Exercise » Would you write out the entries below word for word, omitting the pictures?

Segment Start: Extracted records

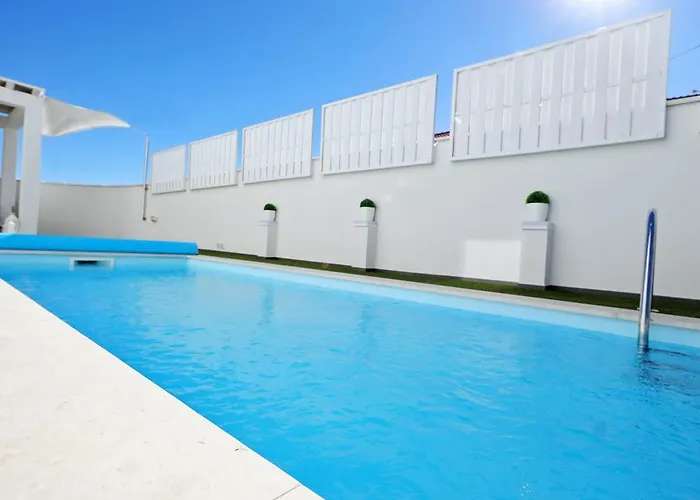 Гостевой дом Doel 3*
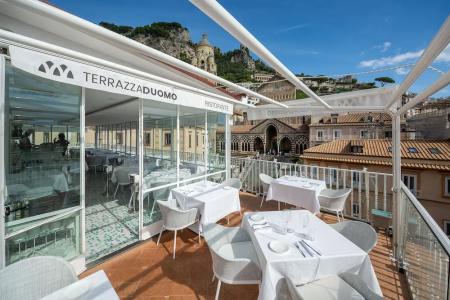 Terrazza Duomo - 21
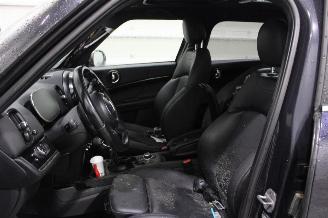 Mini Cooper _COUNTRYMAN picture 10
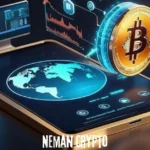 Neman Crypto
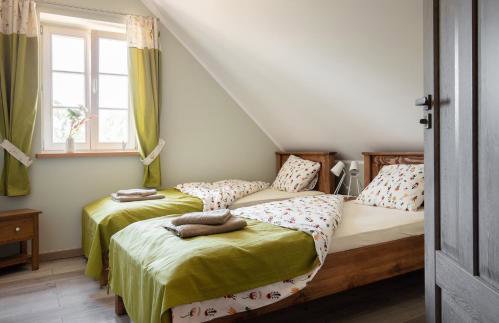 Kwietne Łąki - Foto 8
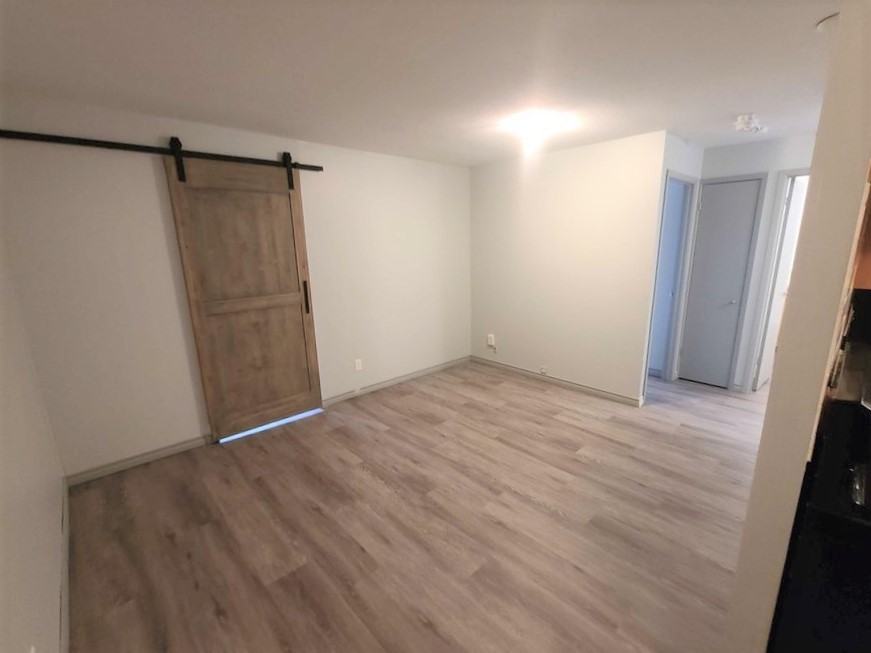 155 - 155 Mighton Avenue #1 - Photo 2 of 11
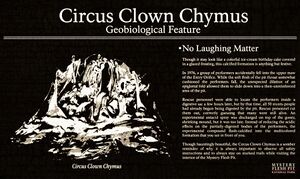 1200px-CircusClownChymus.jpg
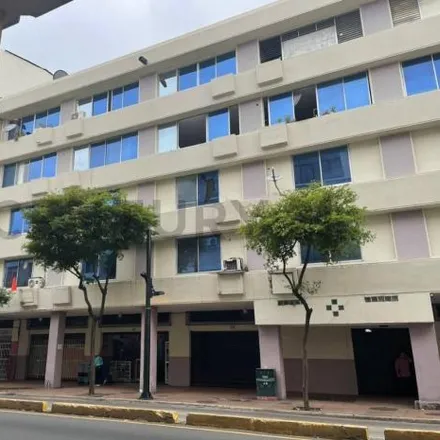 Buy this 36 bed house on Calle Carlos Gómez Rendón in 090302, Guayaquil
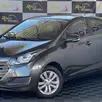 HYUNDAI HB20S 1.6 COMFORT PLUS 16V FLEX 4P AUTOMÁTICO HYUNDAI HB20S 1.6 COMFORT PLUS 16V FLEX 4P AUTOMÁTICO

Segment End: Extracted records

Exercise result »
 Гостевой дом Doel 3*
 Terrazza Duomo - 21
 Mini Cooper _COUNTRYMAN picture 10
 Neman Crypto
 Kwietne Łąki - Foto 8
 155 - 155 Mighton Avenue #1 - Photo 2 of 11
 1200px-CircusClownChymus.jpg
 Buy this 36 bed house on Calle Carlos Gómez Rendón in 090302, Guayaquil
 HYUNDAI HB20S 1.6 COMFORT PLUS 16V FLEX 4P AUTOMÁTICO HYUNDAI HB20S 1.6 COMFORT PLUS 16V FLEX 4P AUTOMÁTICO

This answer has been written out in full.